▶ **ABOUT THIS EXERCISE**: Omit the pictures, and output the rest of the entries exactly as written.

▶ **DATA FOR THIS TASK**:
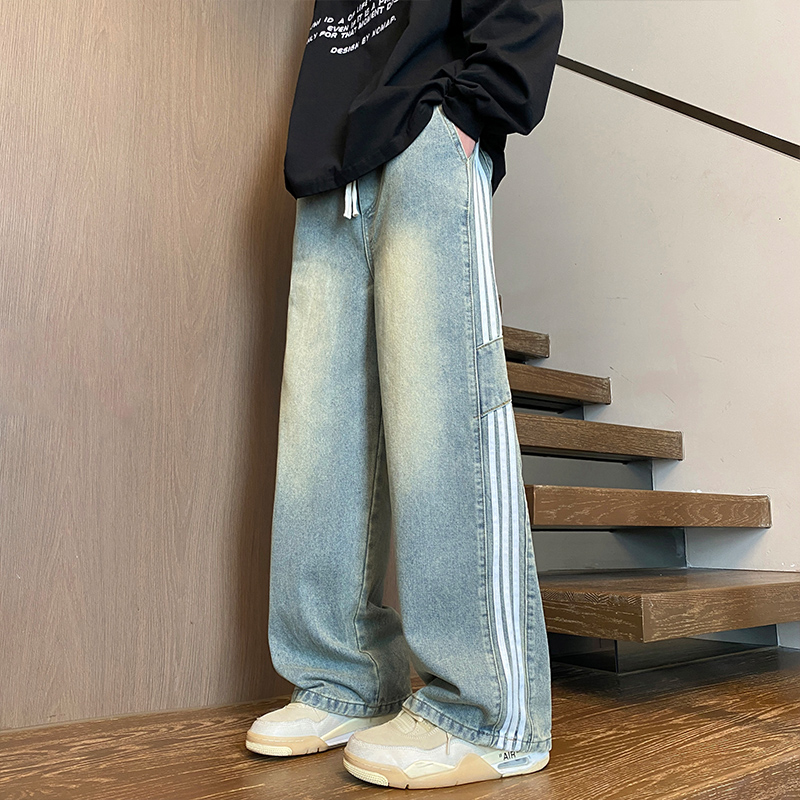 美式做旧牛仔裤男士复古宽松条纹撞色阔腿裤vibe高街水洗拖地裤子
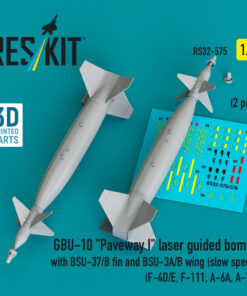 Reskit GBU-10 "Paveway I" laser guided bombs with BSU-37/B fin and BSU-3A/B wing (slow speed) (F-4D/E, F-111, A-6A, A-7E) (3D Printed) (1/32) RS32-0575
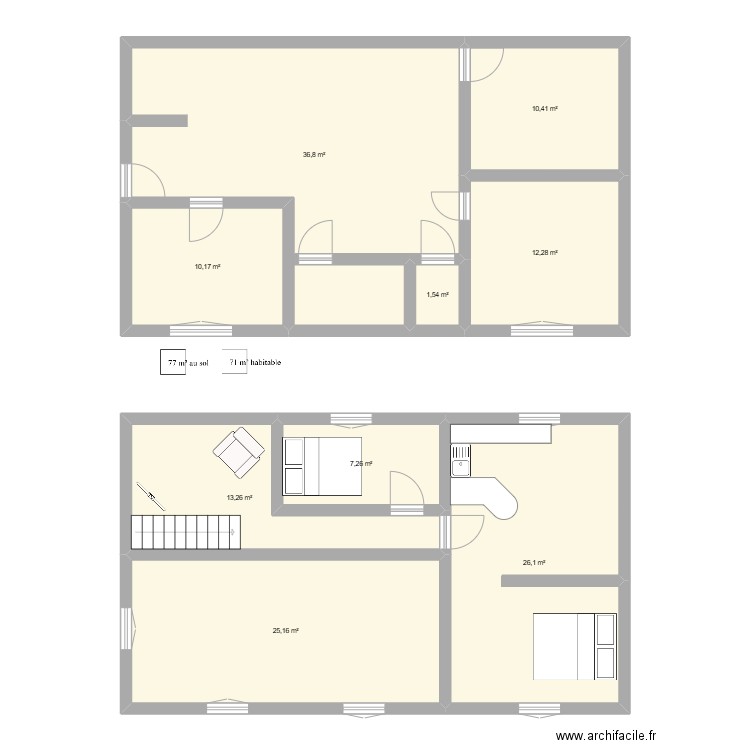 Plan A. Plan de 9 pièces et 143 m2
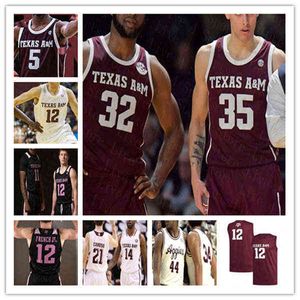 Indossa la maglia da basket Custom College Texas AM Aggies Alex Caruso Emanuel Miller Kevin Marfo Hayden Hefner Savion Flagg Jonathan Aku Gordo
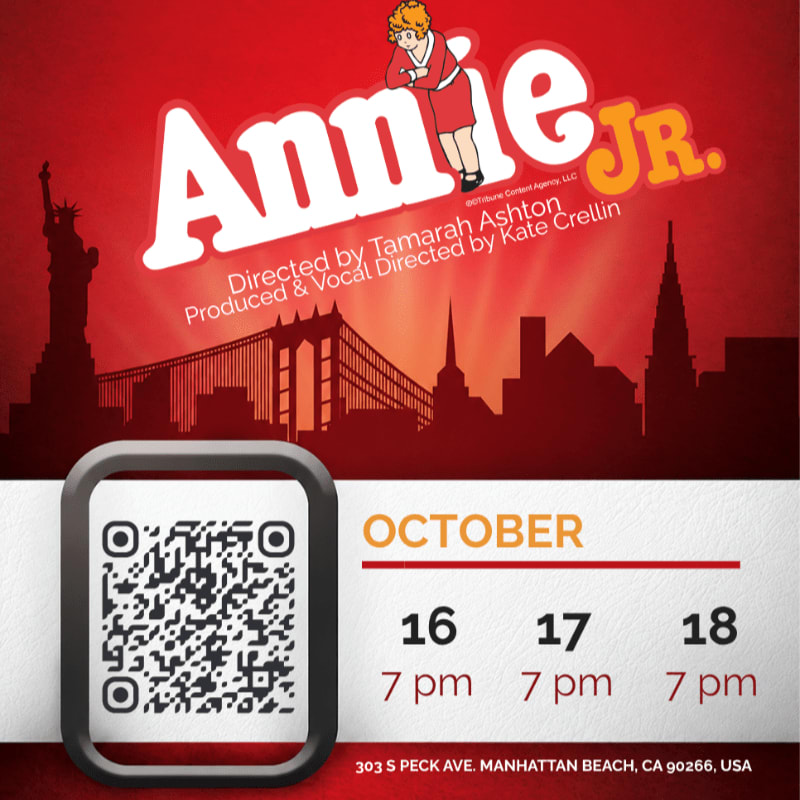A promotional poster for "Annie JR." features a QR code and performance dates in the foreground against a red background with a New York City skyline silhouette.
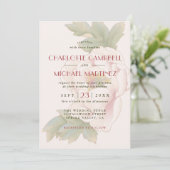 Modern Sweet Blush Pink Peony Floral Wedding Invit Kaart (Staand voorkant)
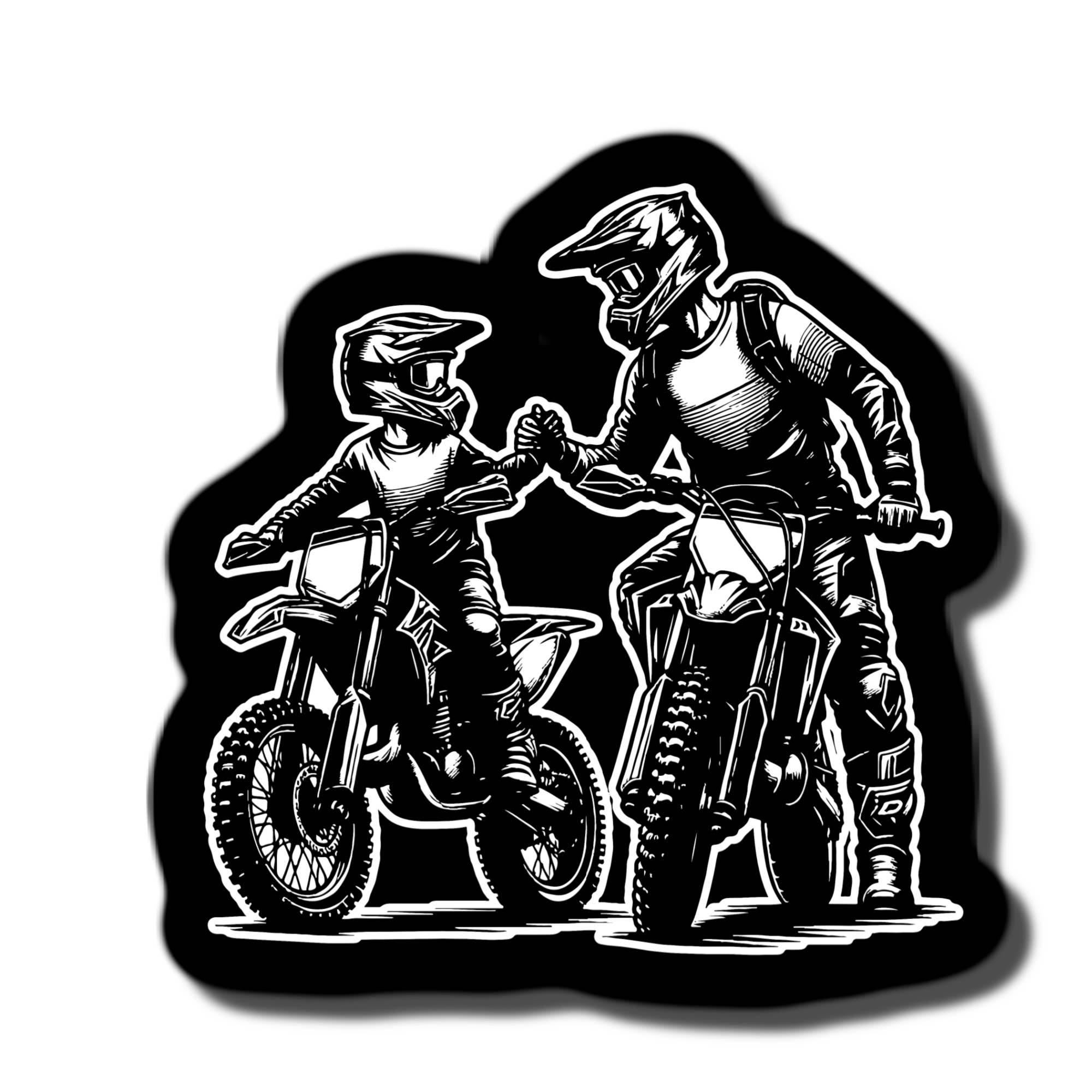 Lyrical River Designs - Venta al por mayor Pegatinas para móviles y portátiles - Adhesivo Father Son Biking Dirt Bike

▶ **TASK SOLUTION**:
 美式做旧牛仔裤男士复古宽松条纹撞色阔腿裤vibe高街水洗拖地裤子
 Reskit GBU-10 "Paveway I" laser guided bombs with BSU-37/B fin and BSU-3A/B wing (slow speed) (F-4D/E, F-111, A-6A, A-7E) (3D Printed) (1/32) RS32-0575
 Plan A. Plan de 9 pièces et 143 m2
 Indossa la maglia da basket Custom College Texas AM Aggies Alex Caruso Emanuel Miller Kevin Marfo Hayden Hefner Savion Flagg Jonathan Aku Gordo
A promotional poster for "Annie JR." features a QR code and performance dates in the foreground against a red background with a New York City skyline silhouette.
 Modern Sweet Blush Pink Peony Floral Wedding Invit Kaart (Staand voorkant)
 Lyrical River Designs - Venta al por mayor Pegatinas para móviles y portátiles - Adhesivo Father Son Biking Dirt Bike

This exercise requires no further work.